From: Dmitry Torokhov
Date: Wednesday, September 3, 2008 - 12:06 pm

I understand. Jiri, how did active MUX problem manifest on

Well, we need a device to respond to our queries to figure out if it
is present or not ;) The box may not have any devices attached but


This is as close as it gets. Biding should cause the controller to be
flushed of any pending data and start afresh.

-- 
Dmitry
--

From: Jiri Kosina
Date: Wednesday, September 3, 2008 - 1:03 pm

If Christopher doesn't respond himself, I will dig it out from my 
archives, it has been quite some time already since this has been 
originally reported.

If I remember correctly, when 'nomux' wasn't used, psmouse used to 
complain a lot about losing synchronization and then the mouse pointer 
either went crazy or froze completely.

Christoph?

Thanks,

-- 
Jiri Kosina
SUSE Labs
--

From: Daniel Barkalow
Date: Thursday, September 4, 2008 - 5:05 pm

Attached.
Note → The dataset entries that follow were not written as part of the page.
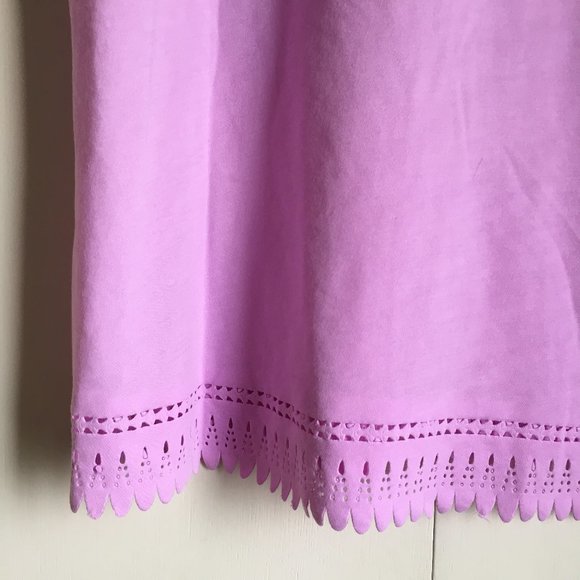 Lilac Die Cut Hem Floral Embroidered Tank Top - Picture 6 of 14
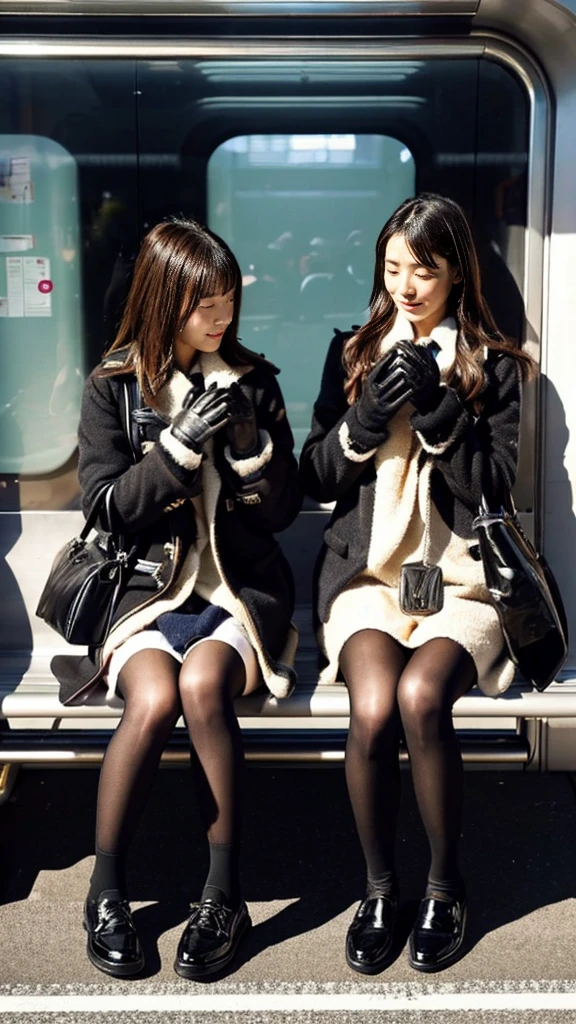 Photo of two Japanese high school girls wearing duffle coats with leather shoes and shiny black leather gloves, Profile of a woman with her legs crossed at the entrance to the subway. This photo was taken in daylight with soft lighting..、The girls are sitting on the ground.。. This photo was taken by someone on their cell phone..、Apparently it was posted on Snapchat.。. 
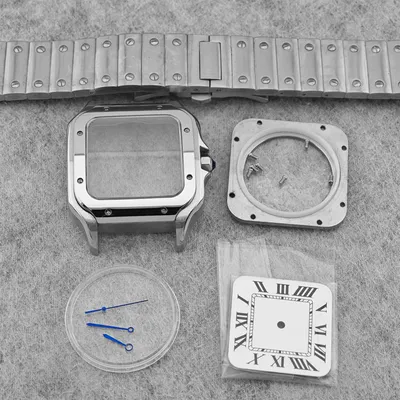 NH35 38mm Square Watch Case 316L Stainless steel Watch Accessories Santos Modification Parts for NH35 4R35 NH36 4R36 Movements 1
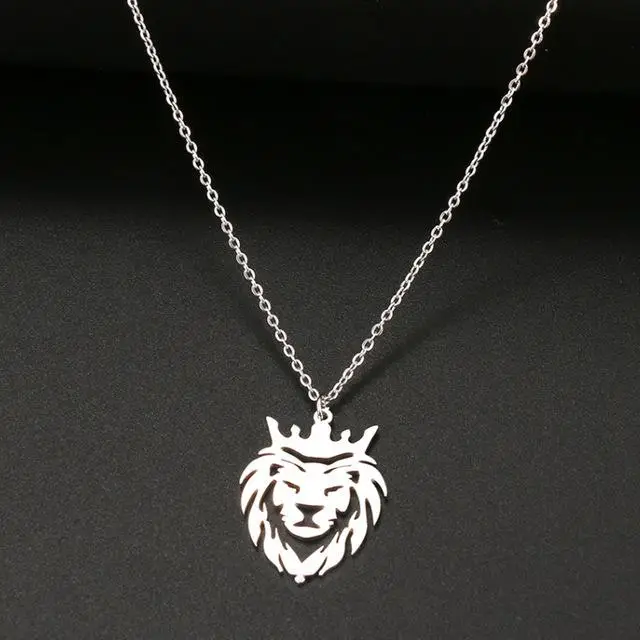 Collana con ciondoli a forma di leone e corona in acciaio inossidabile 316l per uomini coraggiosi, stile punk hip hop, i migliori regali per feste per il fidanzato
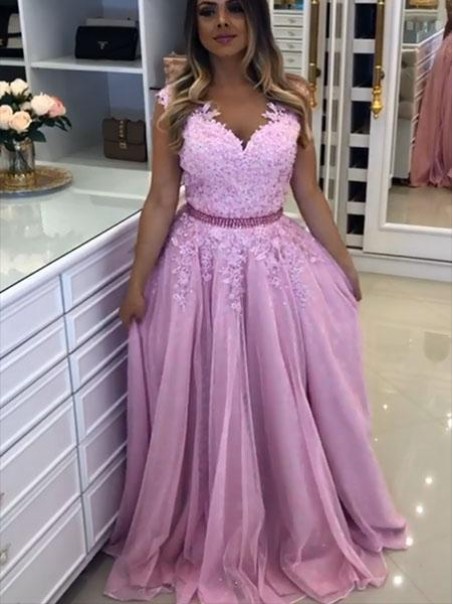 A-Line Beaded Lace Long Tulle Prom Dresses Formal Evening Gowns 995011449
This has me typing some unimportant stuff, and then it sticks, 
then I plug in a USB keyboard, then I tried unbinding the i8042 and 
binding it again; the audio stuttered briefly, and recovered, and I did it 
again, and then saved this log.

	-Daniel
*This .sig left intentionally blank*
--

From: Dmitry Torokhov
Date: Thursday, September 4, 2008 - 5:46 pm

That is untruth :))

-- 
Dmitry
--

From: Daniel Barkalow
Date: Thursday, September 4, 2008 - 8:27 pm

Can I blame my keyboard? No, probably not, I sent that with the keyboard 
working. In any case, now it's attached for real.

	-Daniel
*This .sig left intentionally blank*
From: Jiri Kosina
Date: Wednesday, September 3, 2008 - 4:50 am

I guess so, yes.

On the other hand, this might also be viewed as regression (we made 
Daniel's hardware behave worse with recent kernel than it did before), so 
I think we still would like to have this fixed. What about the patch 
below, adding the match on System's product name, as you suggested? 
Thanks.


From: Jiri Kosina <jkosina@suse.cz>
Subject: [PATCH] Input: i8042 - make Lenovo 3000 N100 blacklist entry more specific

Apparently, there are more different versions of Lenovo 3000 N100, some
of them working properly with active mux, and some of them requiring it
being switched off.

This patch applies 'nomux' only to the specific product name that is
reported to behave badly unless 'nomux' is specified.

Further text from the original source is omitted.